Pessoas, emoções, memórias. Factos, circunstâncias, gestos – que “só prevalecem se forem inteiramente vividos” (poeta scripsit). Melancolia do tempo perdido e jamais reencontrado, da ilha que se perdeu nas distâncias do mundo, do homem que resiste apenas por uma razão: porque há que resistir, porque há que morrer “fecundo de tanto mar”, porque há que “ser onda e lava a cada momento”. É disto, afinal, que fala este livro de título tão enganador como Já não vem ninguém. Trata-se, porém, de um daqueles enganos que com a verdade se fazem: depois deste livro, por poucas mais pessoas teremos que esperar para nos entendermos sobre aquilo que somos enquanto açorianos com um pé na ilha e o outro no mundo, e que num tão curto espaço de tempo lográmos edificar uma identidade que se aqui nos afoga, nas terras largas nos faz respirar.
“Meio milénio de existência sobre tufos vulcânicos”, escreveu Nemésio em 1932, “por baixo de nuvens que são asas e de bicharocos que são nuvens, é já uma carga respeitável de tempo, – e o tempo é espírito em fiéri. Mais outro tanto, e apenas trocaremos metade da memorialidade de Vergílio.
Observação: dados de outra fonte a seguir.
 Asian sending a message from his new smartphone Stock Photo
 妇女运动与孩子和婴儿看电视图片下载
“Somos portanto, gente nova. Mas a vida açoriana não data espiritualmente da colonização das ilhas: antes se projecta num passado telúrico que os geólogos reduzirão a tempo, se quiserem… Como homens, estamos soldados historicamente ao povo de onde viemos e enraizados pelo habitat a uns montes de lava que soltam da própria entranha uma substância que nos penetra. A geografia, para nós, vale outro tanto como a história, e não é debalde que as nossas recordações escritas inserem uns cinquenta por cento de relatos de sismos e enchentes. Como as sereias temos uma dupla natureza: somos de carne e pedra. Os nossos ossos mergulham no mar.”
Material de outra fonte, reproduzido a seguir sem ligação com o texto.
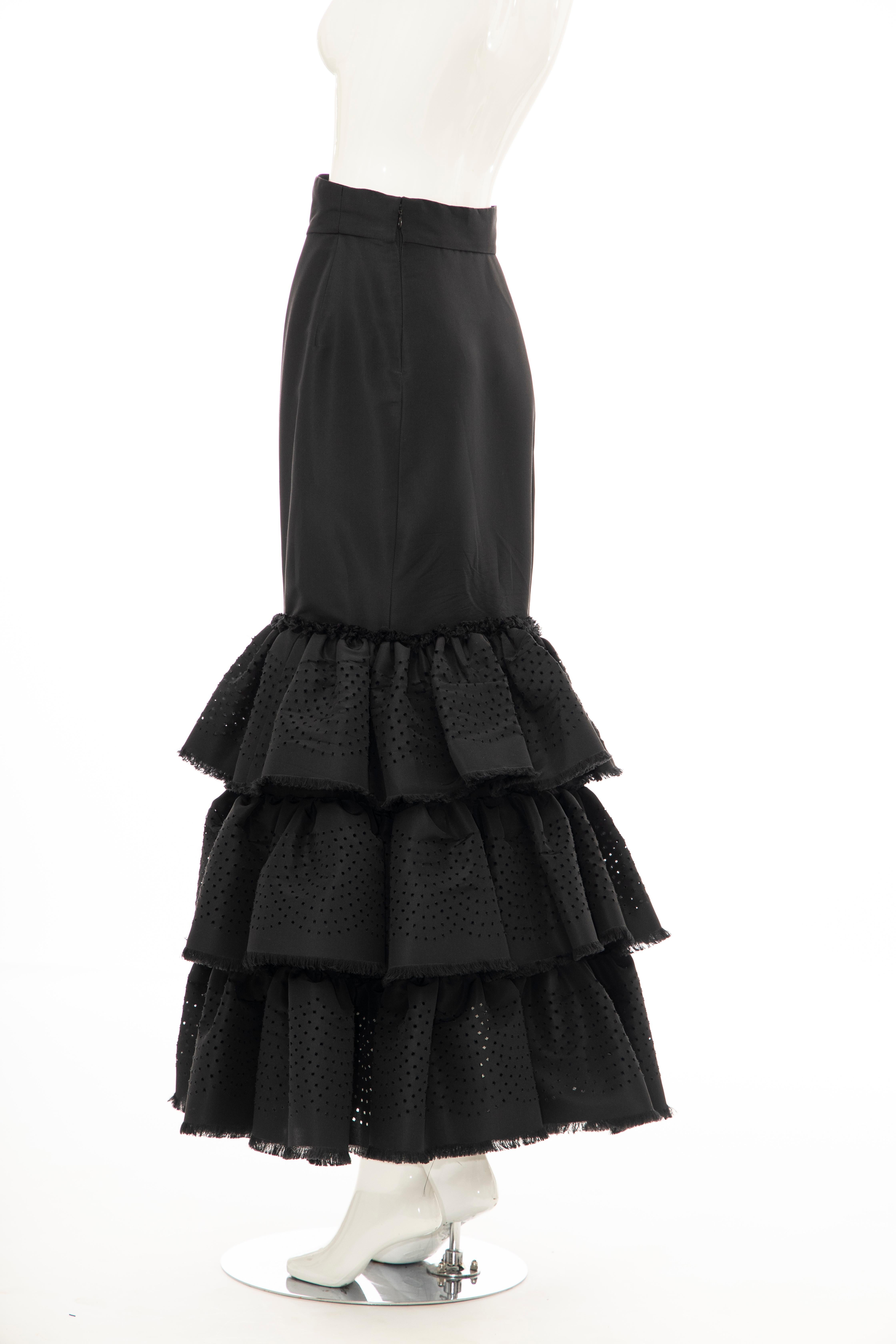 Oscar de la Renta, Fall 2001 black punched silk faille evening skirt with back zip closure.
Sim, meus amigos, ao contrário do que diz o poeta, que neste livro se revela como uma destas sereias a que se referia Nemésio, eis que vem mais alguém nestas nossas barcas de lava e de palavras, e alguém com palavras: Sidónio Bettencourt, poeta encartado, que a alguém canta “por todos os cantos até ser dia”. Será mulher? Será ilha? Seremos nós todos?
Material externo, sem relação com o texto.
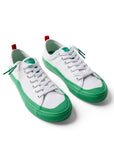 Pair of Dipped Kicks white shoes with green soles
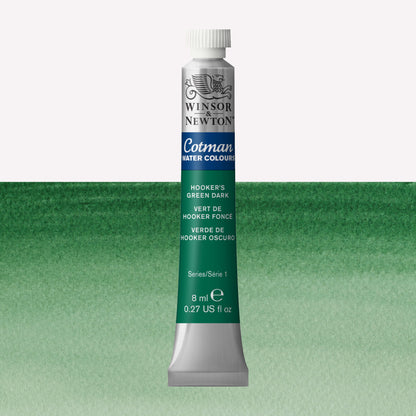 Winsor & Newton Cotman watercolour paint packaged in 8ml silver tube with a white lid in the shade Hooker’s Green Dark over a highly pigmented colour swatch.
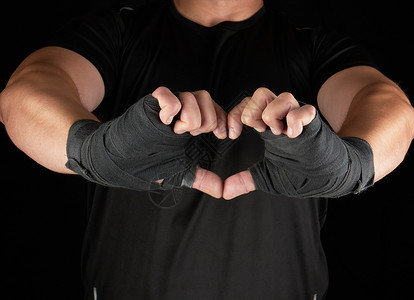 运动员显示心脏的符号男人手掌被包裹在黑色运动绷带里黑色背景运动绷带里图片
Ou será este livro, afinal, a contraprova do “sinal sem testemunha de dia” a que se referia Chateaubriand – porque é, sem sombra de dúvidas, uma testemunha forte, que mais não seja pelos ecos da memória que nos traz, de uma “vida vivida em terras de baleeiros” (Oh, Dias de Melo…) – sabendo nós, como sabemos, que a terra dos baleeiros não é o Pico. Somos nós, de carne e pedra (Nemésio), mas também de palavras (Sidónio Bettencourt).
Luiz Fagundes Duarte é Doutor em Linguística Portuguesa (1990) pela Universidade Nova de Lisboa, de que é Professor.